**Task brief:** Copy the lines below exactly, starting at the one with "夕陽照亮的花田:AI 作品 夕陽照亮的花田:AI 作品 107678484" and ending at the one with "Samt-Schleife, verstellbares Halsband", and leave out any picture.

**Provided records:**

* * *

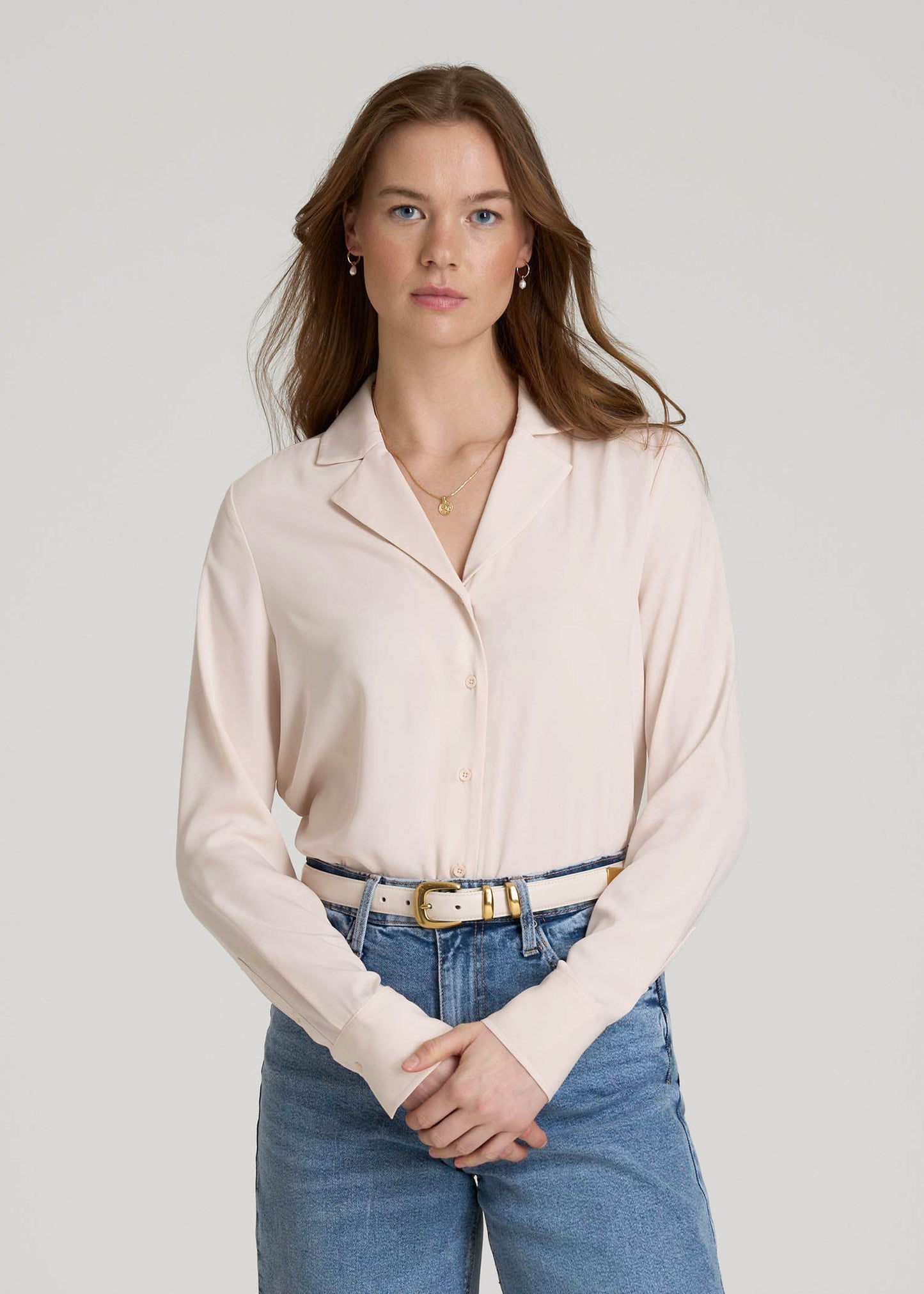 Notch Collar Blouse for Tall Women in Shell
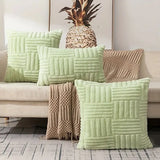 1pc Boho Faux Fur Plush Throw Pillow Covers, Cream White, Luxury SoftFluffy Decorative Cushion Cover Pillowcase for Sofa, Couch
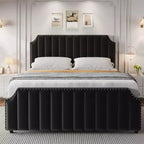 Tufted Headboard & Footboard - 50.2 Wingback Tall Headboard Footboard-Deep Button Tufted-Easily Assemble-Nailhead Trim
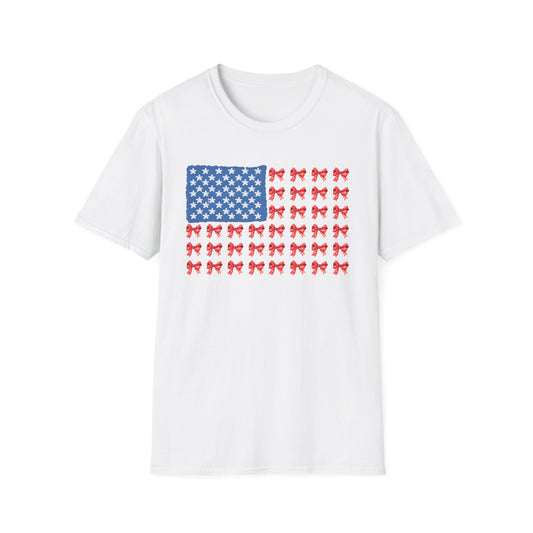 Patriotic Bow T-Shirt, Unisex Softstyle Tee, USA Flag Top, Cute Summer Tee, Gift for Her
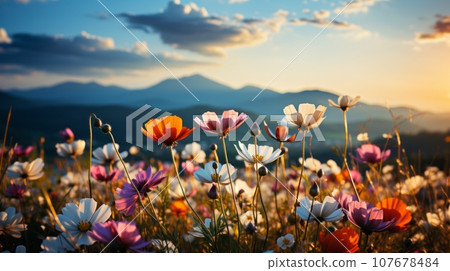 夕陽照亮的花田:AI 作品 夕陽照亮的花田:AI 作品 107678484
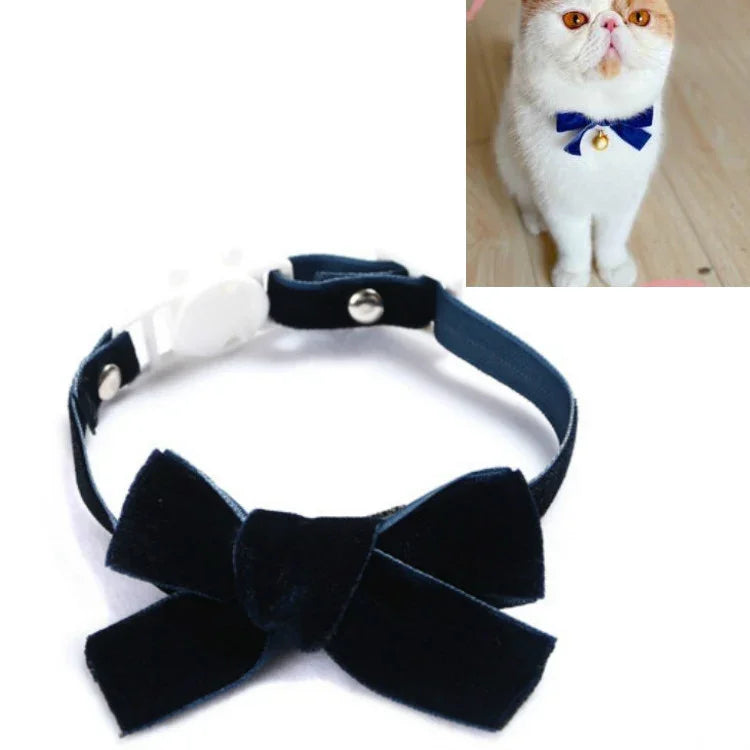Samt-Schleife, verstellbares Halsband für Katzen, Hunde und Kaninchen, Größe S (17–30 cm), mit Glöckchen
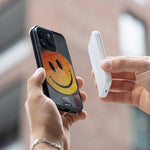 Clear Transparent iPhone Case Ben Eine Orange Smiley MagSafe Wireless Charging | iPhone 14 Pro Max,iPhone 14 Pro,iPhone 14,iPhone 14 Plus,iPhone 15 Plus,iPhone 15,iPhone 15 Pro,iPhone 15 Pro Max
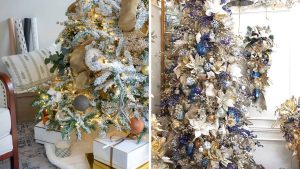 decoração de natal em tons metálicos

* * *

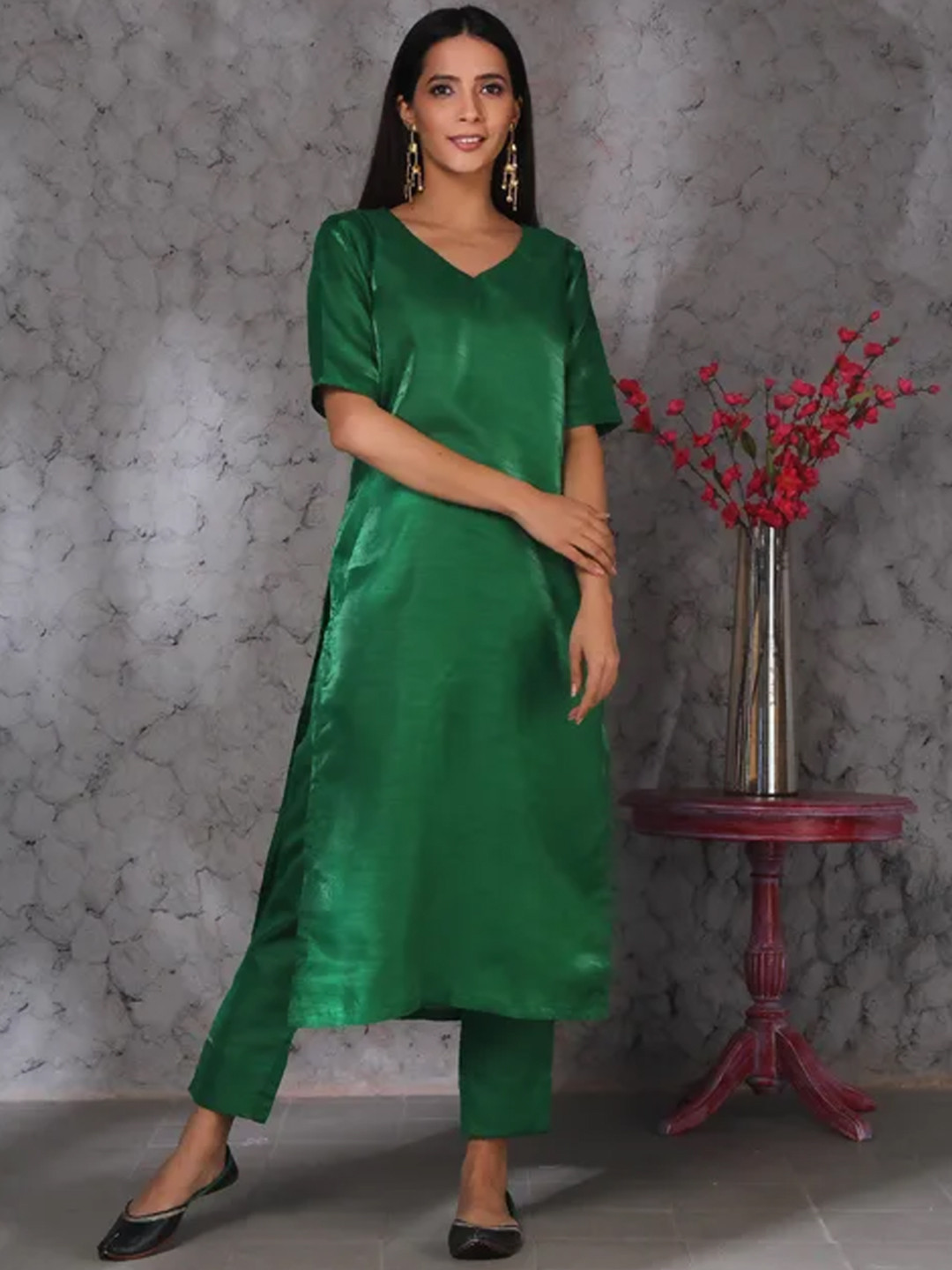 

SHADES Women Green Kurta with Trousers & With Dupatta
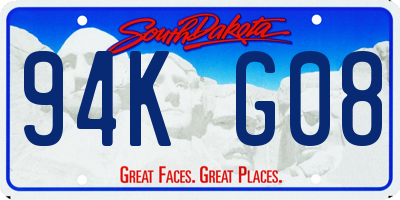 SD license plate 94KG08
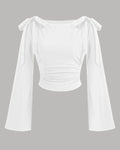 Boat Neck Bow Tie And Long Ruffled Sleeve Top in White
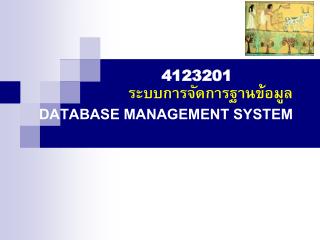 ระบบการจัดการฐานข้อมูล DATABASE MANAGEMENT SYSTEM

* * *

**Written response:**
 夕陽照亮的花田:AI 作品 夕陽照亮的花田:AI 作品 107678484
Samt-Schleife, verstellbares Halsband für Katzen, Hunde und Kaninchen, Größe S (17–30 cm), mit Glöckchen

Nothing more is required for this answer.